Please copy each line of the listing below precisely, excluding the images.

______________________________

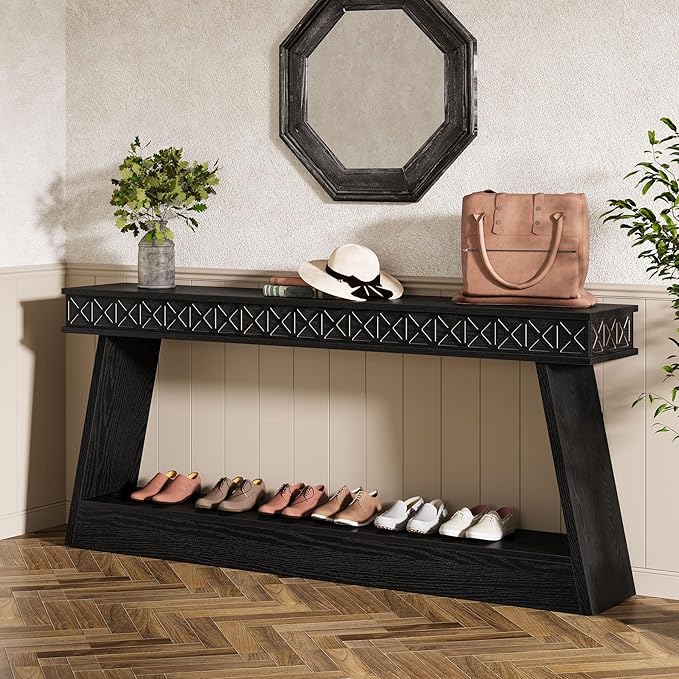 Tribesigns 70.9 Inch Extra Long Console Table, Wood Entryway Table with Storage, Narrow Long Sofa Tables Behind Couch, Farmhouse Style Entry Table for Living Room, Hallway, Entrance, Foyer, Black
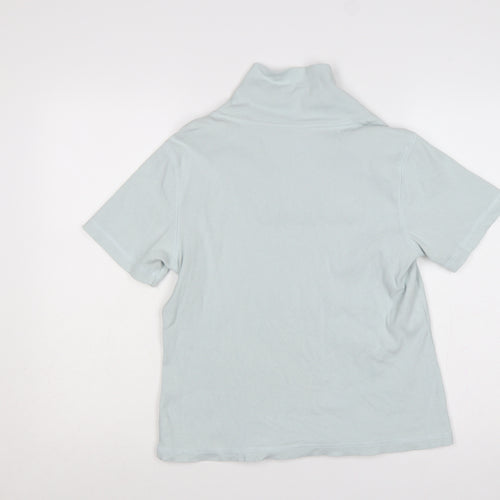 Orvis Women Blue M Ribbed Cotton Blend Short Sleeve Polo Top
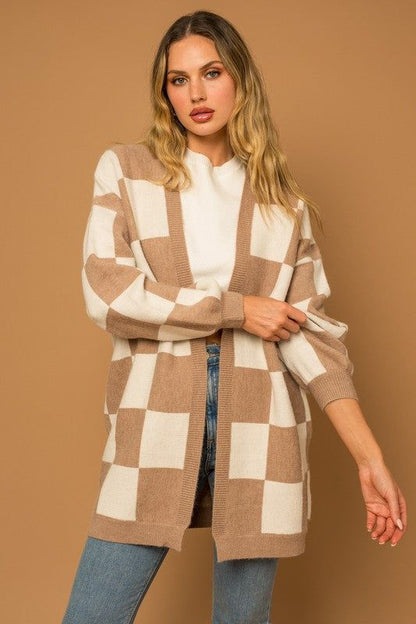 Women's Gilli Checker Graphic Sweater Cardigan - us.meeeshop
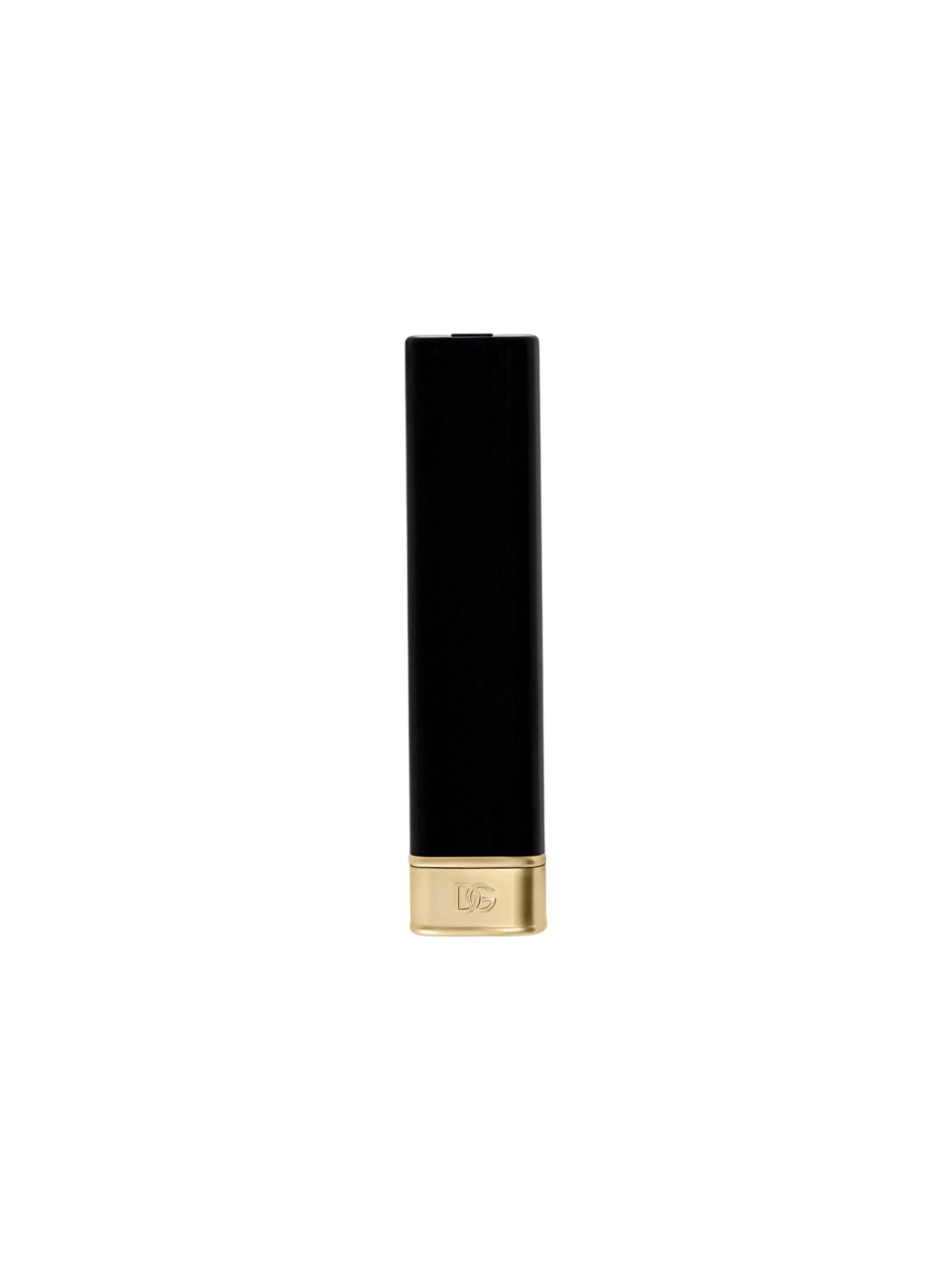A slim black cosmetic tube with a polished gold base, featuring a small embossed logo, centered on a plain white background. Dolce and Gabanna, Monza Outlet, Monza Fashion, Shein Outlet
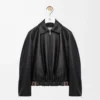 Chaqueta con cinturón de piel de cordero napa negra Chaqueta con cinturón de piel de cordero napa negra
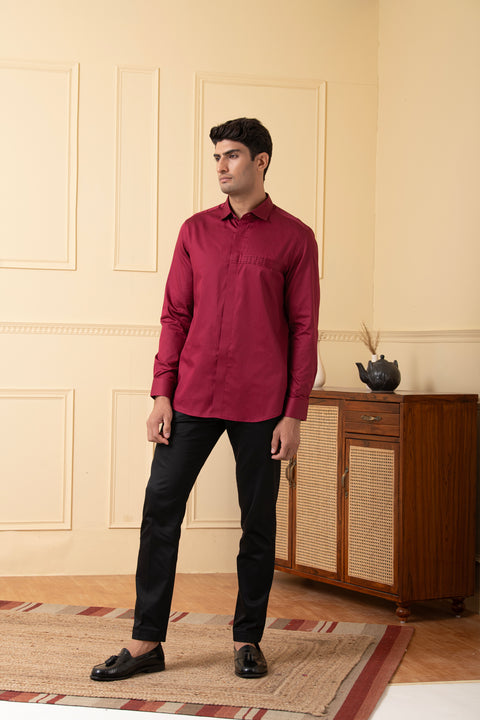 Carmine — Red Pattern Giza Cotton Shirt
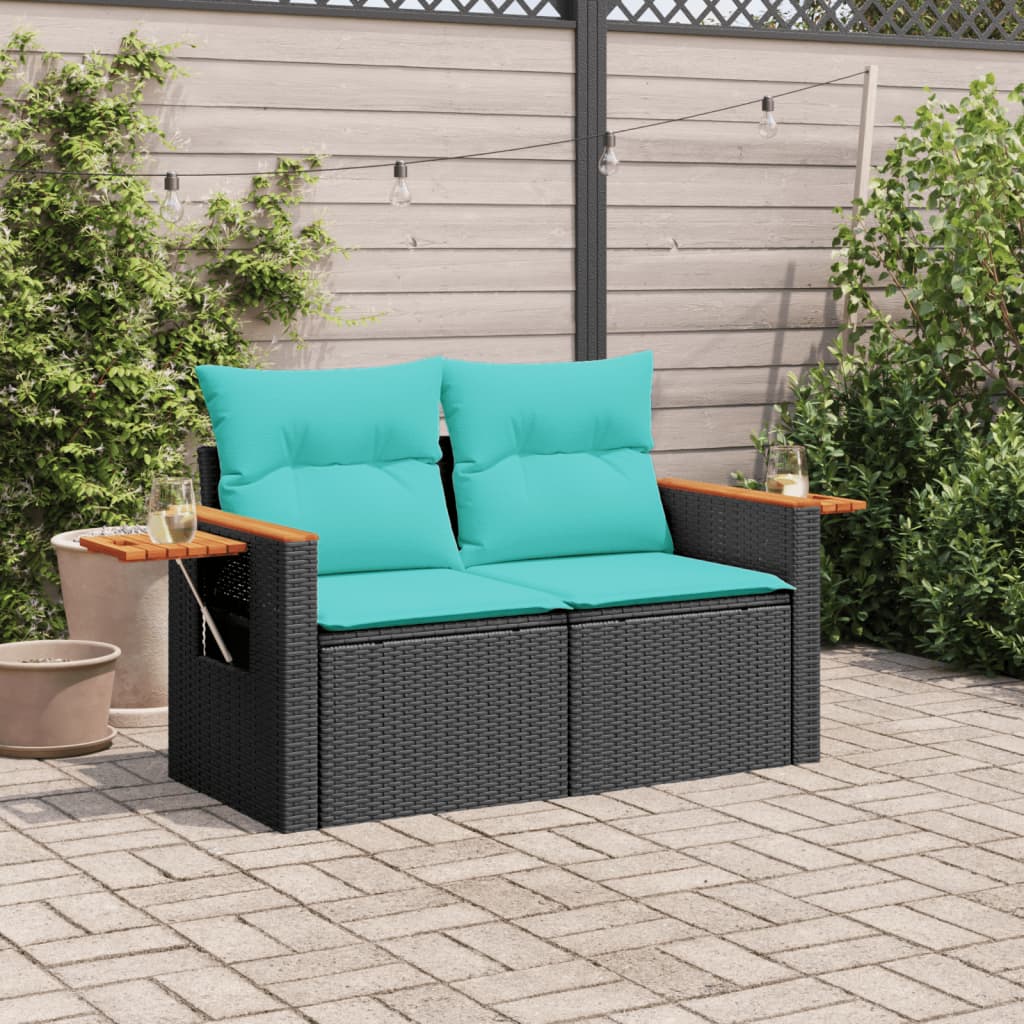 vidaXL Tuinbank 2-zits met kussens poly rattan zwart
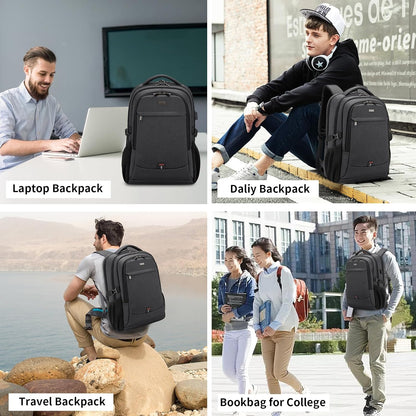 Travel Backpack with USB Charging Port for Laptops up to 17 Inches | Water-Resistant Daypack with Anti-Theft Pocket for Business Work School
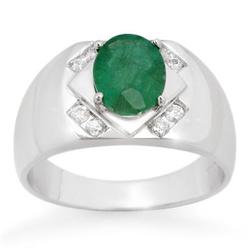 CERTIFIED 2.30ctw DIAMOND & EMERALD MEN'S GOLD RING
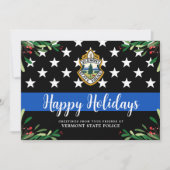 Politieafdeling Aangepaste Logo Thin Blue Line Feestdagenkaart (Voorkant)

______________________________

# [Exercise output]
 Tribesigns 70.9 Inch Extra Long Console Table, Wood Entryway Table with Storage, Narrow Long Sofa Tables Behind Couch, Farmhouse Style Entry Table for Living Room, Hallway, Entrance, Foyer, Black
 Orvis Women Blue M Ribbed Cotton Blend Short Sleeve Polo Top
 Women's Gilli Checker Graphic Sweater Cardigan - us.meeeshop
A slim black cosmetic tube with a polished gold base, featuring a small embossed logo, centered on a plain white background. Dolce and Gabanna, Monza Outlet, Monza Fashion, Shein Outlet
 Chaqueta con cinturón de piel de cordero napa negra Chaqueta con cinturón de piel de cordero napa negra
 Carmine — Red Pattern Giza Cotton Shirt
 vidaXL Tuinbank 2-zits met kussens poly rattan zwart
 Travel Backpack with USB Charging Port for Laptops up to 17 Inches | Water-Resistant Daypack with Anti-Theft Pocket for Business Work School
 CERTIFIED 2.30ctw DIAMOND & EMERALD MEN'S GOLD RING
 Politieafdeling Aangepaste Logo Thin Blue Line Feestdagenkaart (Voorkant)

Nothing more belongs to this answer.